Paul Verlaine, al menos desde 1874 que escribe su “Art poétique”, pide a los poetas centrar su atención en la forma, en las marcas textuales del significante y en sus relaciones fónicas: “de la musique encore et toujours”. Es el tiempo en que dominan la escena simbolistas y parnasianos. En 1895, Stephane Mallarmé publica un artículo que será fundamental para la poesía siglo XX: Crise de vers. En él traza las preocupaciones de la poesía finisecular y aún de las futuras búsquedas de la Vanguardia: la desaparición del yo lírico y la pasión por la materialidad del lenguaje. Escribe ahí: “La obra pura implica la desaparición elocutoria del poeta, que cede la iniciativa a las palabras”. (121). Este movimiento gradual que va de la sensibilidad romántica a la fascinación por la materialidad del lenguaje, se concebía como una violenta perturbación de los valores o, como se le llamaba en la época, un bouleversement de la poésie. En Resistir. Insistencias sobre el presente poético, el crítico uruguayo Eduardo Milán lo explica del siguiente modo:
La “prosa” de la ciudad, el creciente proceso de urbanización, se oponía directamente a la poesía de lo sagrado, a la posibilidad del individuo de convocarse expresivamente. El proceso es claro: el yo del poeta se identifica con la conciencia desdichada del individuo frente al avance incontenido del prosaísmo. Como el poeta ya no puede dar batalla contra el mundo, la primera persona del singular, el hablante, desaparece debajo del texto poético. (49)

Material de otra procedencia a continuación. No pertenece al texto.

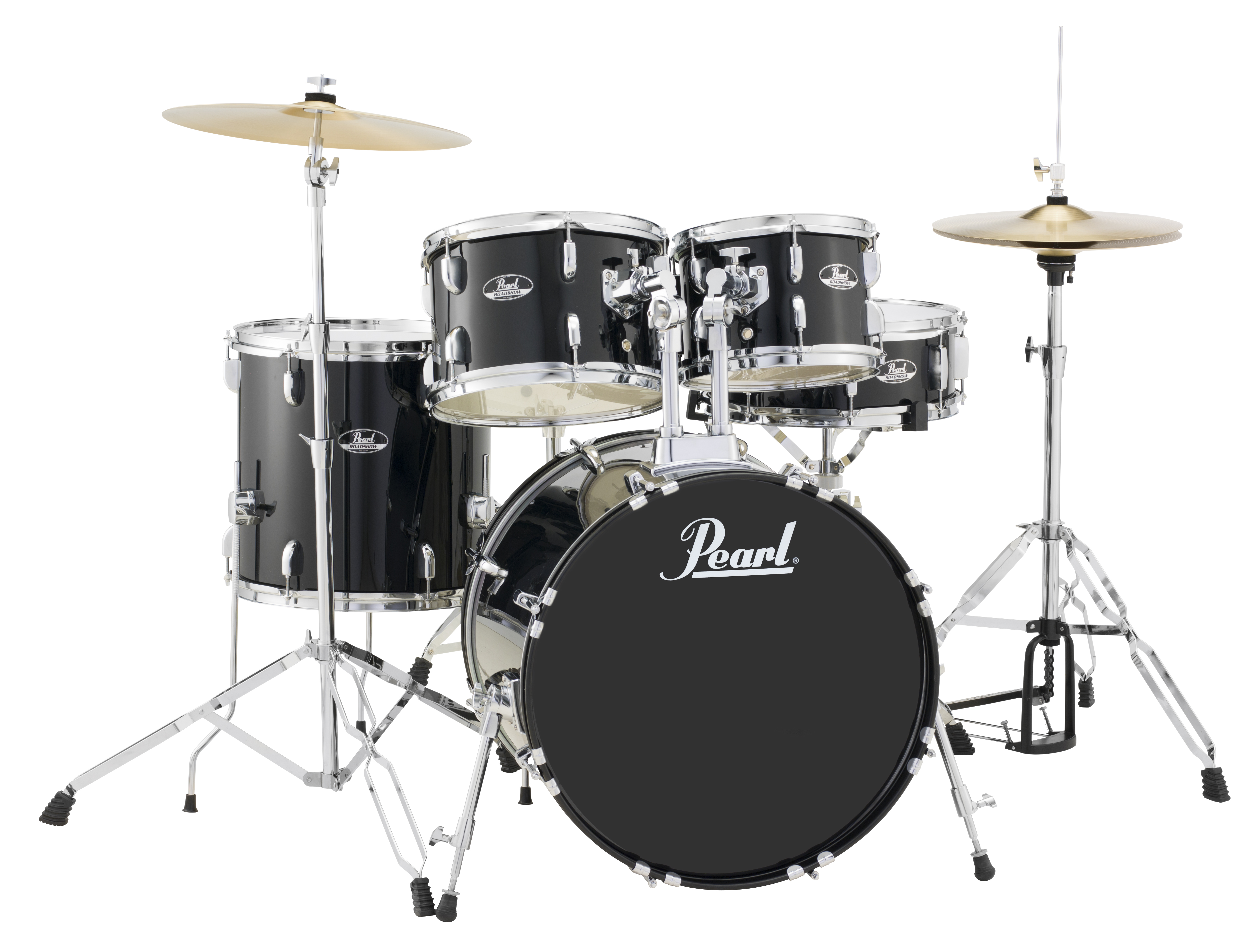Pearl Roadshow Studio Jet Black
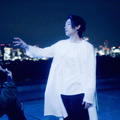 DEAN FUJIOKAがアンドロイドに　「シャーロック」主題歌MV公開・画像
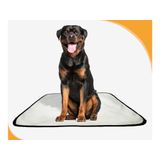 Tapete Para Cães Higiênico Em Oferta 2 Un G 90x100cm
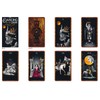 Tarot Cards, Divination Telling, 78 Cards, Dancing in the Dark,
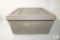 MTM Case-Gard Ammo Crate Utility Box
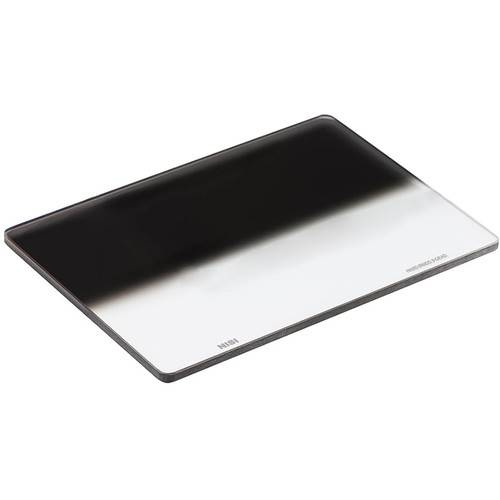 NiSi Nano Hard-Edge Graduated IRND Filter (4 x 5.65", 3-Stop)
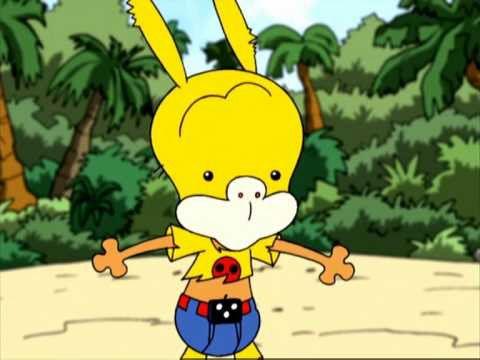 Rat-Man Season 1 Episode 12 - Episode 12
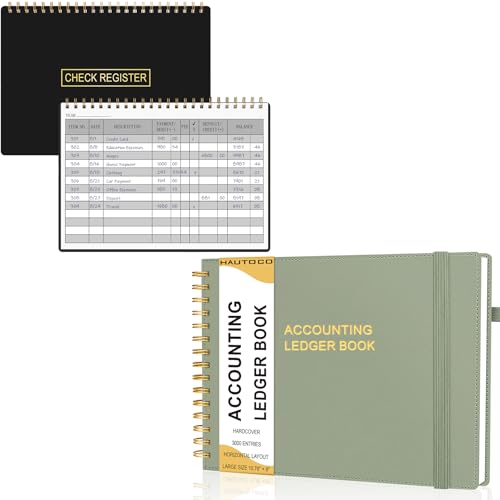 Amazon Best Sellers: Best Check Registers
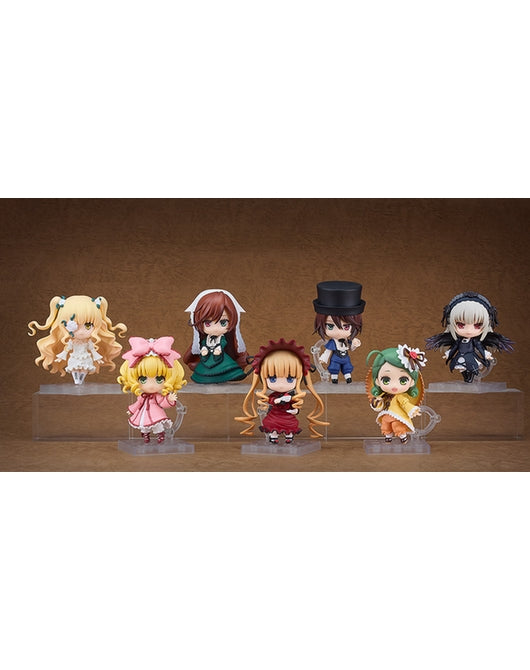 (Pre-Venta) Nendoroid - Kanaria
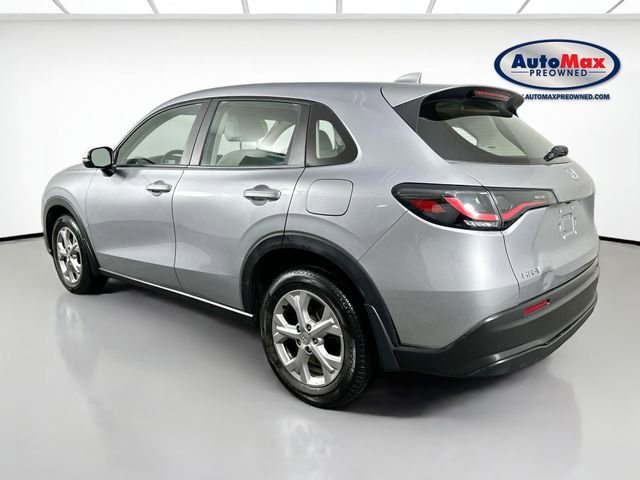 Used 2024 Honda HR-V LX image 5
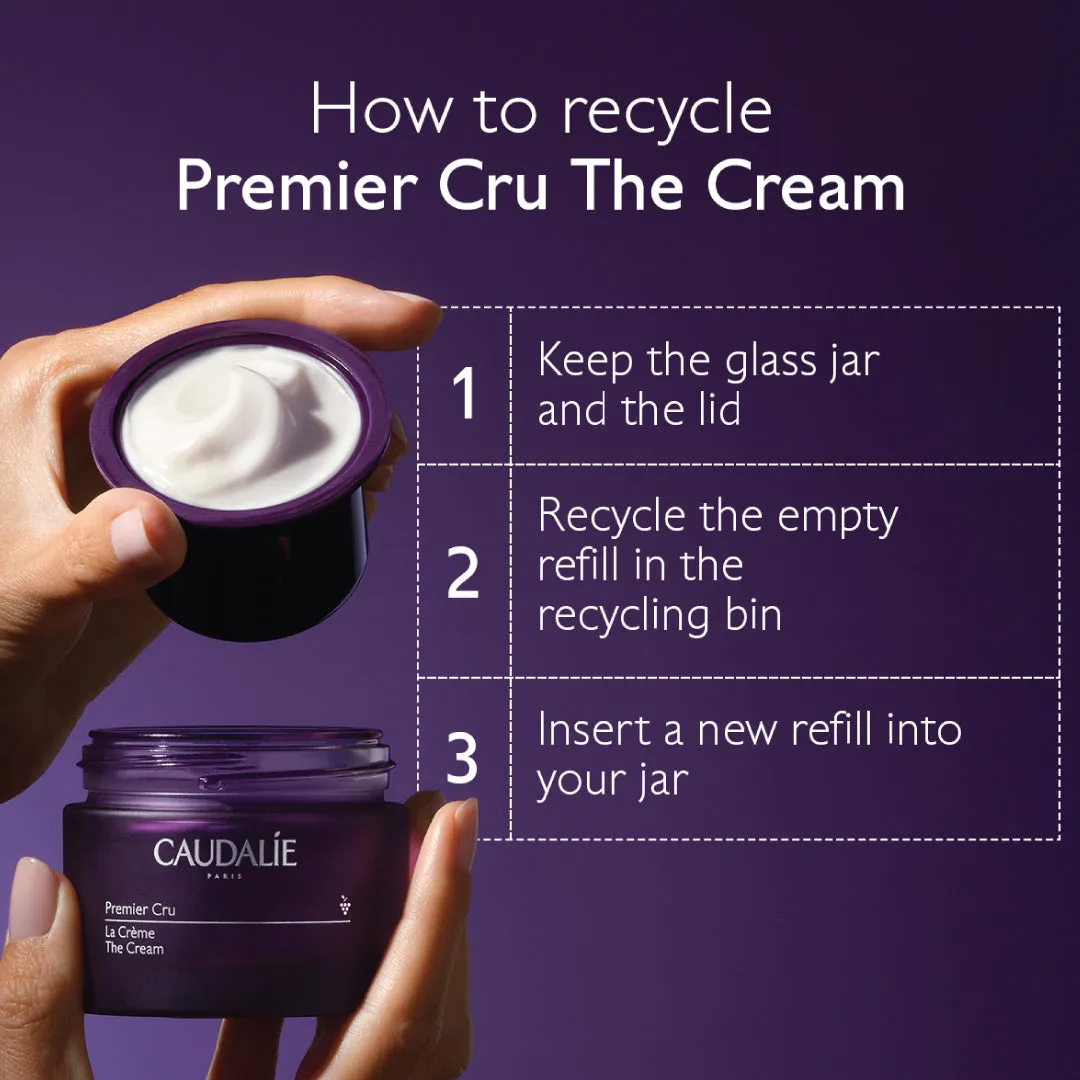 Caudalie Premier Cru The Cream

Esto sucederá, sin duda, en Un coup de dés, el poema fundacional, podría decirse, no sólo de una poesía del riesgo sino de la poesía contemporánea, entendida esta como un espacio de semiosis absoluta. Milán apunta:
Un coup de dés, poema en donde no sólo naufraga la escritura sino en donde el yo poético se hundirá. Un coup de dés, entre otras cosas, es el poema de la identidad perdida: el poeta desaparece y la escritura adquiere su propia identidad, se objetualiza al máximo. En el poema de Mallarmé ya están los cimientos de una escritura despersonalizada, leitmotiv de mucha de la mejor y más radical escritura contemporánea. Al perder persona el poema mallarmeano, la escritura se objetualiza: se vuelve referente de sí misma. (49-50)
No por nada el propio Octavio Paz escribió que “Mallarmé ofrece su poema nada menos que como el modelo de un género nuevo” (Paz El arco 270-271).

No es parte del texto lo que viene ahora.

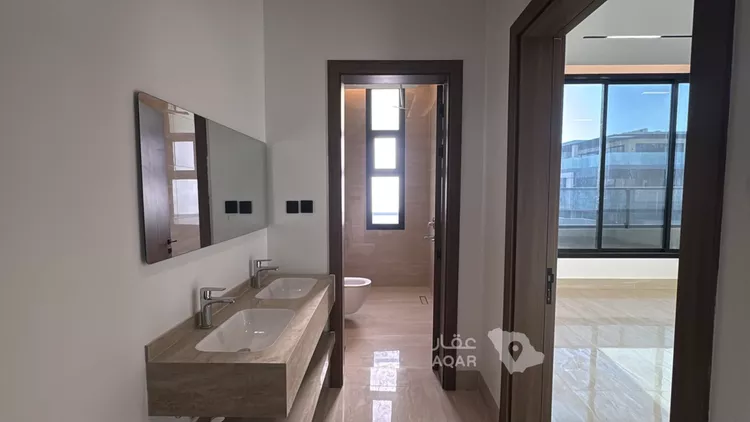 دور للبيع في شارع خليل الخالدي, حي النرجس, مدينة الرياض, منطقة الرياض 29
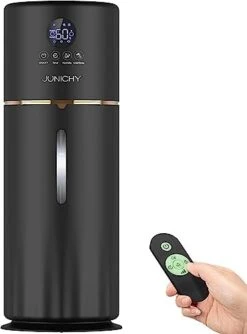 Humidifiers 2.4Gal / 9L Humidifiers For Large Room 2000 Sq.ft Whole House Humidifiers Quiet Large Humidifier For Bedroom Cool Mist Humidifier With Remote Control For Home Bedroom Nursery -Solo Stoves Shop 31DOrb9bqXL. AC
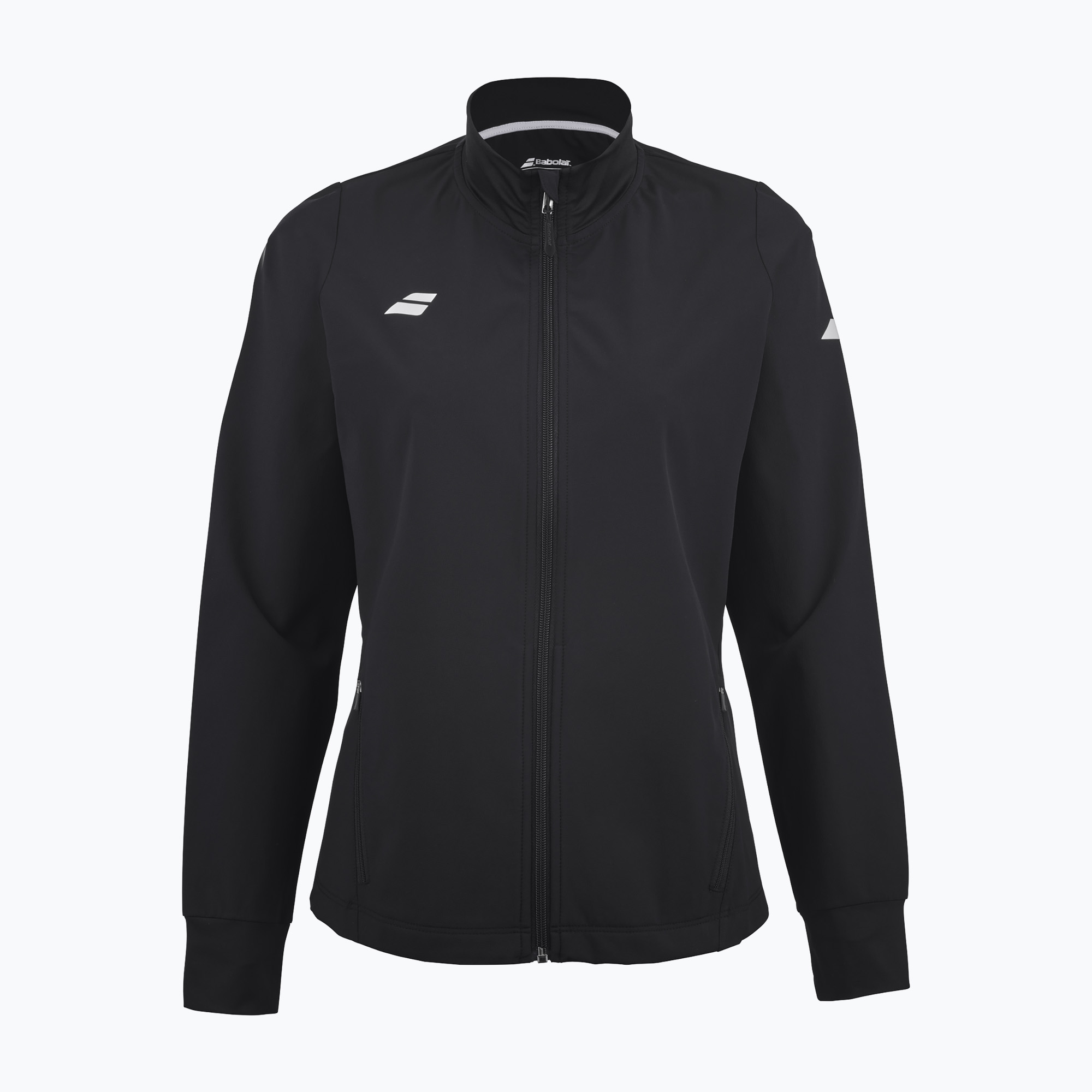Bluza tenisowa damska Babolat Play W black/black 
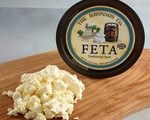 Picture of Crumbled Feta Traditional Style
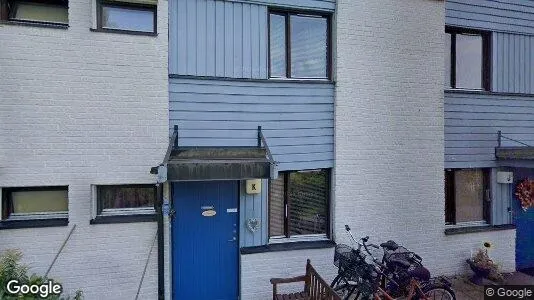 Apartments for rent in Gävle - Photo from Google Street View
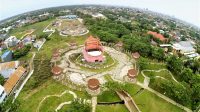 Kompleks Makam Raja-raja Tallo Makassar
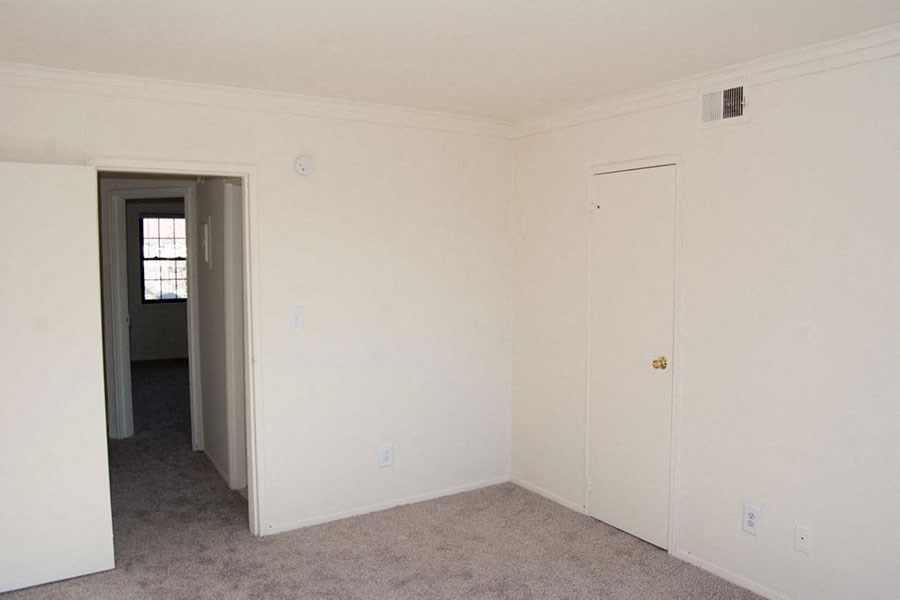 Hallway View at Brookwood at Islip, Islip, New York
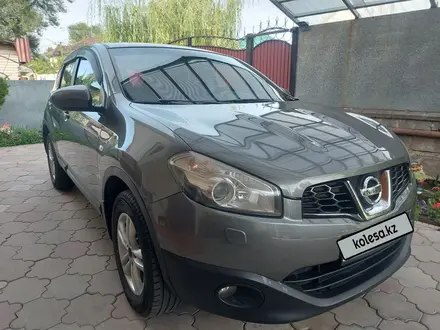 Nissan Qashqai 2011 года за 5 000 000 тг. в Алматы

En su intento por trascender la noción de límite y negar o ejercer una crítica al arte del pasado, la Vanguardia atenta contra los códigos de género de la poesía. Sus procedimientos, y aún sus gestos, subvierten la prosodia, la sintaxis, el sentido de la poesía tradicional o, digamos, la apegada a las guías del decorum horaciano. Subvierten también el fundamento de la poesía lírica: el yo.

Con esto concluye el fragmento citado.